Abstract
Eosinophilic gastroenteritis (EGE) is characterized by dense infiltration of eosinophils in gastrointestinal tissues, resulting in morphological and functional abnormalities of the gastrointestinal tract. EGE susceptibility is most common among individuals aged 40-50 years old, and hence it is likely that affected patients will be encountered at the time of a medical checkup. In this report, we present two rare cases of EGE that presented interesting manifestations in findings obtained in a fluoroscopic examination performed at an annual medical checkup. Accumulation of case reports is important to provide information to pathologists to enable them to make correct early diagnosis and begin effective treatment at the earliest.

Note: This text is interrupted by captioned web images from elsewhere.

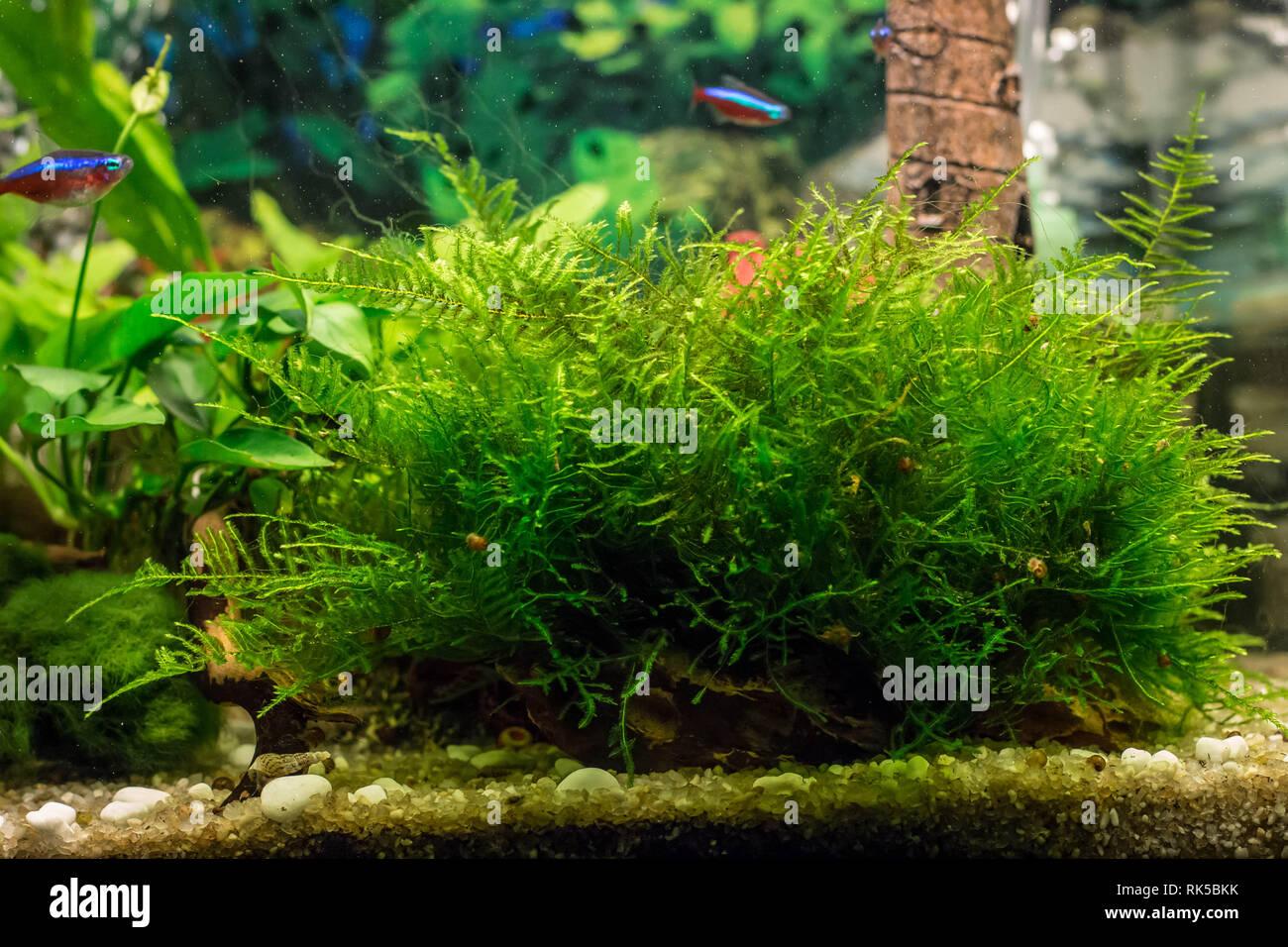 turf-of-java-moss-latin-name-vesicularia-in-aquarium-RK5BKK.jpg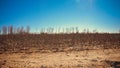 Dried plants in the Gobi Desert, China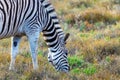 Zebra eating grass in Addo National Park, South Africa Royalty Free Stock Photo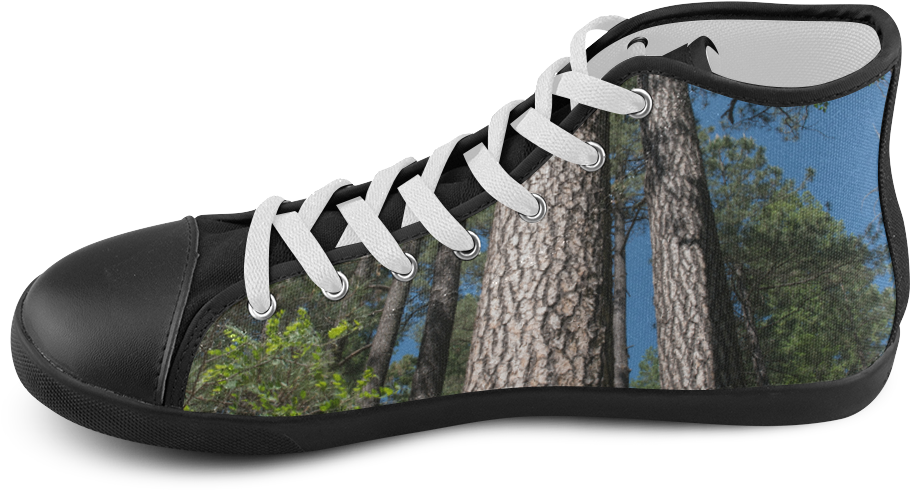 Tall Pine Trees Mt Lemmon Arizona High Top Canvas Kid's - Outdoor Shoe (1000x1000), Png Download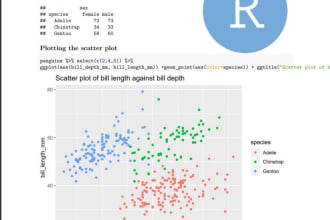 do data analysis and projects in r programming and python language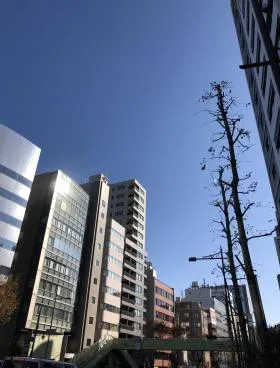ACE日本橋ビル(旧:日本橋エクセレントビルの外観
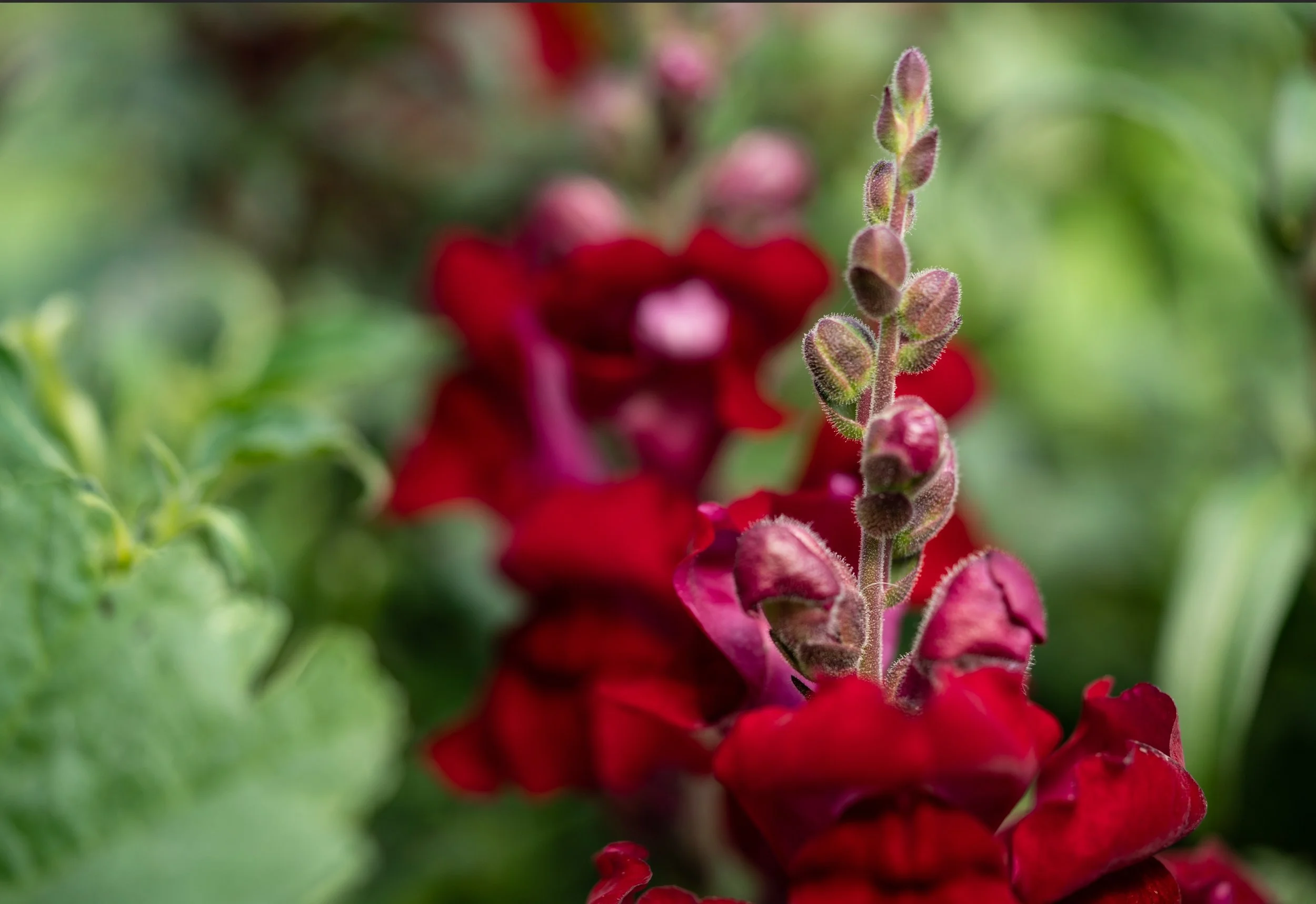Enchantment Creek Apothecary Flower garden in the rockies.jpeg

Keywords: eosinophilic gastroenteritis, eosinophilic gastrointestinal disorder, medical checkup, fluoroscopic examination, eosinophil infiltrations
Introduction
Eosinophilic gastroenteritis (EGE), a type of eosinophilic gastrointestinal disorder (EGID), is a rare chronic inflammatory disease characterized by patchy or diffuse infiltration of eosinophils into different layers of the gastrointestinal tract [1-3]. Affected patients usually have nonspecific abdominal symptoms, such as pain, diarrhea, and vomiting, while many show no specific macroscopic endoscopic abnormality [4,5]. EGE should be diagnosed based on findings obtained in gastrointestinal mucosa histopathological examinations of biopsy specimens [6]. Interestingly, patients with EGE range from those in their teens to the elderly, with a mean age range of 40-50 years [7]; hence, it is likely that affected individuals will be initially encountered at a medical checkup. In this report, we discuss two rare cases of EGE that presented interesting manifestations in the findings of fluoroscopic examinations performed as part of an annual regular medical checkup.
Case presentation
Case 1
A 45-year-old male with epigastric discomfort was found to have an abnormal convergency of gastric folds on X-ray imaging performed as part of a regular medical checkup. The abnormality had been initially detected two years prior, though the patient had not visited a medical facility for a further examination before coming to us. There was no special medical or allergy history, as well as no history of ulcers with subjective symptoms. Blood tests showed only mild glucose intolerance, while tumor markers, antinuclear antibodies, Helicobacter pylori (HP) antibodies, and parasite egg tests were all negative. Concentrated folds were observed on the anterior and posterior walls of the stomach in fluoroscopic imaging (Figure 1), with similar traces also found in images obtained two years before at a medical checkup.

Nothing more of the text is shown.